In various parts of the world, population aging has been accompanied by the
rapid growth of elderly populations. In 2015, elderly persons aged 65 and over in
Asia accounted for 55% of the elderly population of the world as a whole, and this
proportion is projected to increase to more than 60% by 2050 (United Nations [UN]
2017). Moreover, the number of those aged 65 and over grew dramatically at 2.4%
per annum in the second half of the 20th century. The corresponding number for
the first half of the 21st century is even projected to increase to 2.6%. Furthermore,
in Asia the proportion of the elderly in the total population rose from 4% to 5.8%
over the period 1950–2000, and is expected to grow at an astonishing tempo in the
years to come and reach 17.8% by the middle of the 21st century (UN 2017).

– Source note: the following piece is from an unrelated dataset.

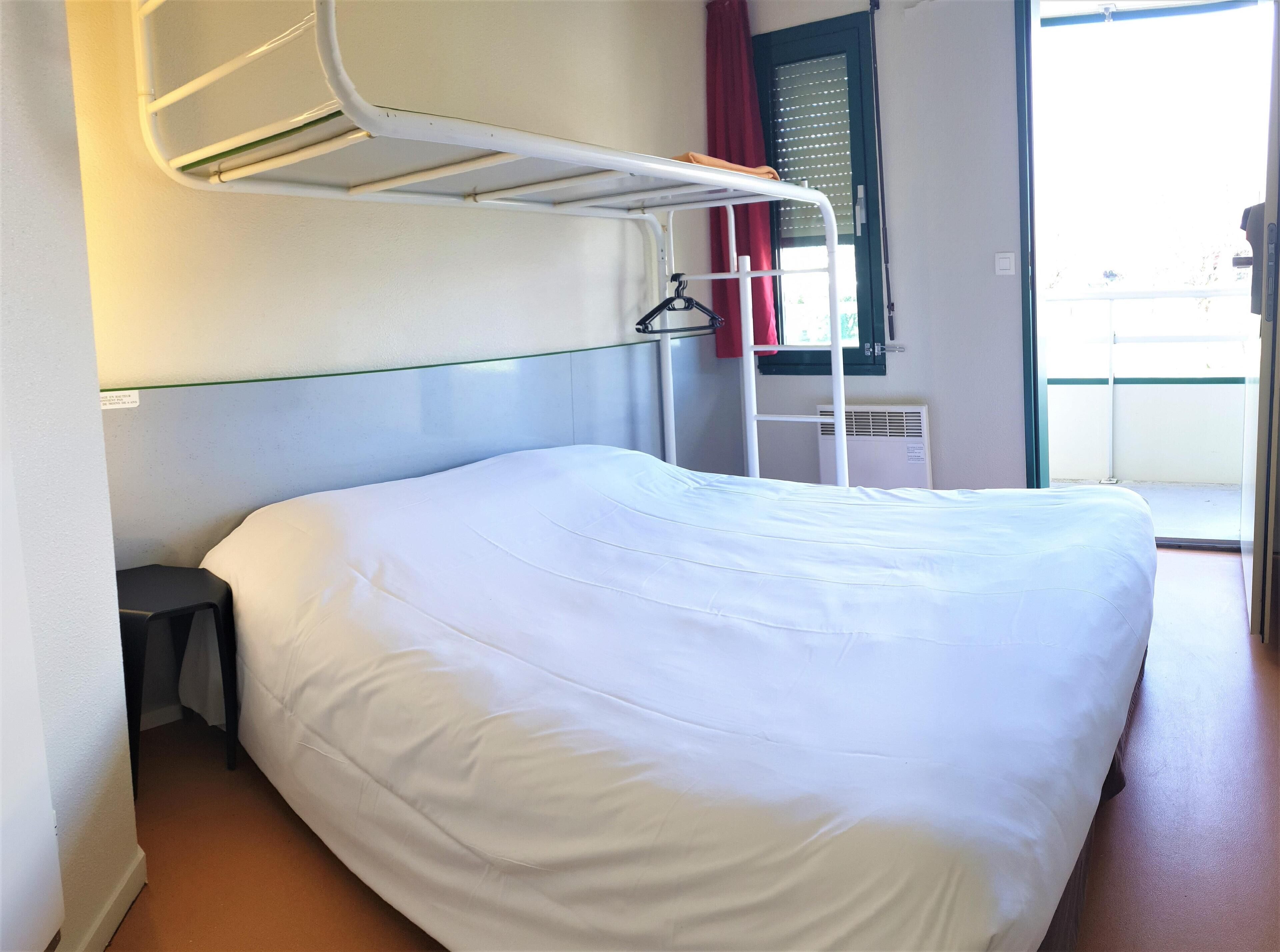 Standard Room, 1 Double Bed | Individually decorated, individually furnished, desk, blackout drapes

In marked contrast, the proportion of Asia’s young persons aged 0–14 is
projected to continuously decline from its peak value of 41% in 1965 to 18% in
2050. Although the actual number of young people more than doubled in the latter
half of the 20th century, it is now expected to decrease—from 1.13 billion in 2000
to 0.95 billion in 2050—at an annual rate of 0.4%.
As far as Asia’s working-age population (those aged 15–64) is concerned, it
is expected to expand more than 4 times from 1950 to 2050, while its proportion in
the total population is anticipated to fluctuate between 56% and 68% over the same
period. However, the age composition of the productive population is projected
to undergo a substantial transformation over the period in question. During the
period 1950–1990, for example, the proportion of those aged 15–24 in Asia’s total
population oscillated between 17% and 20%. After having recorded a peak of 20%
in 1990, the proportion has been and will continue to be on a downward trend,
diminishing to 13% by 2050.
More importantly, within Asia, there have been considerable intereconomy
differences in the level and speed of population aging (Fu and Hughes 2009; Park,
Lee, and Mason 2012). In a number of Asian economies, unprecedented changes
in age structure have occurred or are under way. In some of these economies, the
rise in old-age dependency has created myriad formidable policy challenges, the
response to which is likely to seriously influence their economic growth, poverty,
intergenerational equity, and social welfare for decades to come. In other economies
of Asia, the child dependency ratio has been falling rapidly, generating an important
demographic bonus, and facilitating faster economic growth.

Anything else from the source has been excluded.